I would like to draw your attention to a new GRASS add-on, r.randomforest, which uses the scikit-learn and pandas Python packages to classify GRASS rasters. Similar to existing GRASS classification methods, it uses an imagery group and a raster of labelled pixels as the inputs for the classification. It also reads the rasters row-by-row, and then bundles these rows based on a user specified row increment to the classifier to keep memory requirements low, but also allow efficient classification because the scikit-learn implementation is multithreaded by default, and row-by-row results in too much stop-start behaviour.
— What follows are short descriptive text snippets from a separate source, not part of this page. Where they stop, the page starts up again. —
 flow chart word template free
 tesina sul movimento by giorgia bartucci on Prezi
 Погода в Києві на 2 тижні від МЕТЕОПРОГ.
The feature importance scores and out-of-bag error are displayed in the command window.
I would appreciate testing - you need to have scikit-learn and pandas installed in your Python environment which is easy on Linux and OS X, and instructions are provided in the tool for Windows.
I have another add-on that I will upload soon, r.roc, which generates ROC and AUROC for prediction models.
On Sat, Mar 26, 2016 at 12:40 PM, Steven Pawley <dr.stevenpawley@gmail.com>
wrote:
I would like to draw your attention to a new GRASS add-on, r.randomforest,
which uses the scikit-learn and pandas Python packages to classify GRASS
rasters.
Thanks, this looks good. Please consider adding an image to the
documentation to better promote the module [1] and also an example which
would work with the NC SPM dataset [2]. For the addon to generate
documentation on the server and work well at few other special occasions,
it is advantageous to employ lazy import technique for the non-standard
dependencies, see for example v.class.ml and v.class.mlpy [3].
Great news! I gave it a quick try (on Ubuntu 14.04, GRASS 7 master). Size input raster layers: rows: 1578, columns: 1436
1st try - input full map, classes 1/0,
I had to stop as it took too much time. Stopping it did not stop the python processes however, I had to kill the processes.
2nd try - input random sample of 100 points, 1 (12) and 0 (88), with b flag
r.randomforest -b igroup=predictors@SampleSize roi=test2 output=test2_output ntrees=500 mfeatures=-1 minsplit=2 randst=1 lines=100
Group references the following raster maps:
Traceback (most recent call last):
File “/home/paulo/.grass7/addons/scripts/r.randomforest”,
line 335, in
main()
File “/home/paulo/.grass7/addons/scripts/r.randomforest”,
line 243, in main
class_weight = “balanced”, max_features = mfeatures,
min_samples_split = minsplit, random_state = randst)
TypeError: init() got an unexpected keyword argument
‘class_weight’
Removing raster <tmp_jNyNcqZa>
3rd try- input random sample of 100 points, 1 (#12) and 0 (#88), with b flag
r.randomforest igroup=predictors@SampleSize roi=test2 output=test2_output ntrees=500 mfeatures=-1 minsplit=2 randst=1 lines=100
Group references the following raster maps:
Our OOB prediction of accuracy is: 89.0%
Raster Importance
0 bio1_wc30s@SampleSize 0.183670
1 bio2_wc30s@SampleSize 0.139914
2 bio3_wc30s@SampleSize 0.105035
3 bio4_wc30s@SampleSize 0.106413
4 bio13_wc30s@SampleSize 0.087399
5 bio14_wc30s@SampleSize 0.146495
6 dm_wc30s@SampleSize 0.104575
7 llds_wc30s@SampleSize 0.126499
Removing raster <tmp_RhTllKlA>
Questions
I am using it for species distribution modeling (presence/absence input map), but I prefer to use the regression mode. Is there a way to force it to use the regression mode?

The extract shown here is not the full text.